On Fri, 5 Sep 2003, CSN wrote:
>
> --- "scott.marlowe" <scott.marlowe@ihs.com> wrote:
> > On Fri, 5 Sep 2003, CSN wrote:
> >
> > > Since you usually need to know the total number of
> > > rows a query would return, do you think it's
> > better
> > > to:
> > >
> > > a) Do one query with a LIMIT and OFFSET to get the
> > > results, and another COUNT query to get the total
> > > number of rows?
> > >
> > > b) Do a single query without a LIMIT and OFFSET,
> > then
> > > do a seek or similiar to get at the rows you want?
> >
> > >
> > > Most tutorials, code, etc. I've seen do "a". The
> > > eclipse library does "b".
> >
> > Either way works. Does the eclipse library use a
> > cursor, or grab the
> > whole dataset and then seek on the client side? If
> > it uses a cursor, I'd
> > expect it to be the fastest and simplest
> > implementation. Since a lot of
> > libs are designed to work with MySQL, they often are
> > written in the first
> > method, where select count(*) is quite quick on
> > MySQL, and MySQL doesn't
> > have cursor support.
> >
> > With Postgresql, the cursor is likely to be the
> > faster method.
> >
>
> Eclipse appears to just use pg_fetch_array($result,
> $index).
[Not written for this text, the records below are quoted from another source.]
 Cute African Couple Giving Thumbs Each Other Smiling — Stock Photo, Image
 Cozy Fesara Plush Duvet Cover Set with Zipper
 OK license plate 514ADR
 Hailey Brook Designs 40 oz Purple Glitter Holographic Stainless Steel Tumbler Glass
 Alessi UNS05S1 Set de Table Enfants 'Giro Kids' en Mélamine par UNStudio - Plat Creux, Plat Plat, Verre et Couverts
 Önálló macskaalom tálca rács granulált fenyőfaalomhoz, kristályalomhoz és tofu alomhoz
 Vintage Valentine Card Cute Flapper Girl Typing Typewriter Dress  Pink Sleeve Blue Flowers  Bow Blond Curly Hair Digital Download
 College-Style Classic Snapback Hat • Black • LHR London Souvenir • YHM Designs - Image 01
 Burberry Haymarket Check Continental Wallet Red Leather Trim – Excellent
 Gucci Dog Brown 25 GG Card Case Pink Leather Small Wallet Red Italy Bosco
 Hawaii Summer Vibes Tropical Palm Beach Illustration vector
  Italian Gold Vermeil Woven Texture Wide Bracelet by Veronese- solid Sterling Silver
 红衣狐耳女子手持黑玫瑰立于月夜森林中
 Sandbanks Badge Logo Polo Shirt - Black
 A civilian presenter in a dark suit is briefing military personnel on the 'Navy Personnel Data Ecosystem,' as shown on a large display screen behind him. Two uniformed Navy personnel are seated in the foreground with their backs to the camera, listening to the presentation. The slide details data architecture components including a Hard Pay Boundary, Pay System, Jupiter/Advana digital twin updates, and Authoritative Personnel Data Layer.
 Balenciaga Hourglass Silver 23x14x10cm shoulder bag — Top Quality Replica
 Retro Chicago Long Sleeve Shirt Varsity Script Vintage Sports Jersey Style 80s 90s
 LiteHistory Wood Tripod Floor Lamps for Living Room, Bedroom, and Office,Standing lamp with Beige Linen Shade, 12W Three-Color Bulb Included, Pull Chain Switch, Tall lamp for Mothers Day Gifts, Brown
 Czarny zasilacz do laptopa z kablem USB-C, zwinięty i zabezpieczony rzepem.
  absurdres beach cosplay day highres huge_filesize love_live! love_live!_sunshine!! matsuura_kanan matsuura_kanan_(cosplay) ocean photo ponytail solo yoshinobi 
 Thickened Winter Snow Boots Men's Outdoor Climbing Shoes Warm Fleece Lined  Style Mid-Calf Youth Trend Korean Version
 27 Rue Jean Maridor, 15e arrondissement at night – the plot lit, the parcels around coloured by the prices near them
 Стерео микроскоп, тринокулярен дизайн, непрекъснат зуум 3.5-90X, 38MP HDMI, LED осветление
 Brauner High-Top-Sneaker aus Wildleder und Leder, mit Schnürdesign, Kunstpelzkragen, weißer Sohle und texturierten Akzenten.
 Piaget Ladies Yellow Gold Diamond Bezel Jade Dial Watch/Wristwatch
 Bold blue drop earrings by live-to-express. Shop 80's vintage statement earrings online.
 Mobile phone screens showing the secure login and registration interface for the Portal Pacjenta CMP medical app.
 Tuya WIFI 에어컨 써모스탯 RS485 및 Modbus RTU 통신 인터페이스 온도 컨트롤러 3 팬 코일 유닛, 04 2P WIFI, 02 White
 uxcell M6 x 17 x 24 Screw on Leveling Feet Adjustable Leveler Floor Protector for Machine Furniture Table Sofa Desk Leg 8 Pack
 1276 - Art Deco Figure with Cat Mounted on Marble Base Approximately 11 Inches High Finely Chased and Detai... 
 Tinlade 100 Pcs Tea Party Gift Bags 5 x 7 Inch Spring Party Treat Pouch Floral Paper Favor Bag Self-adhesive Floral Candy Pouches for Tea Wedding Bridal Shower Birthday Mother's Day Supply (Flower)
That'd be pretty similiar to a cursor
> wouldn't it? i.e. only the specified rows would be
> sent to the client (but all rows would be in the
> server's memory).
>
> Eclipse's docs make the argument that "b" is better
> because "a" still needs to select/examine all rows
> before doing the LIMIT and OFFSET.
If they aren't explicitly declaring a cursor, then b isn't exactly the
same. If you do:
select * from table order by fieldname
then
$row = pg_fetch_array()
then the whole data set is returned to the client (i.e. php) before we can
get the row. Now, if they do:
begin;
declare bubba as cursor for select * from table order by fieldname;
move forward 100 in bubba;
fetch 5 from bubba;
rollback;
Then you get the same kind of effect, but only 5 rows have to be retrieved
from the database to the client, and pg_fetch_array will now iterate over
those 5 rows only, and then run dry, so to speak.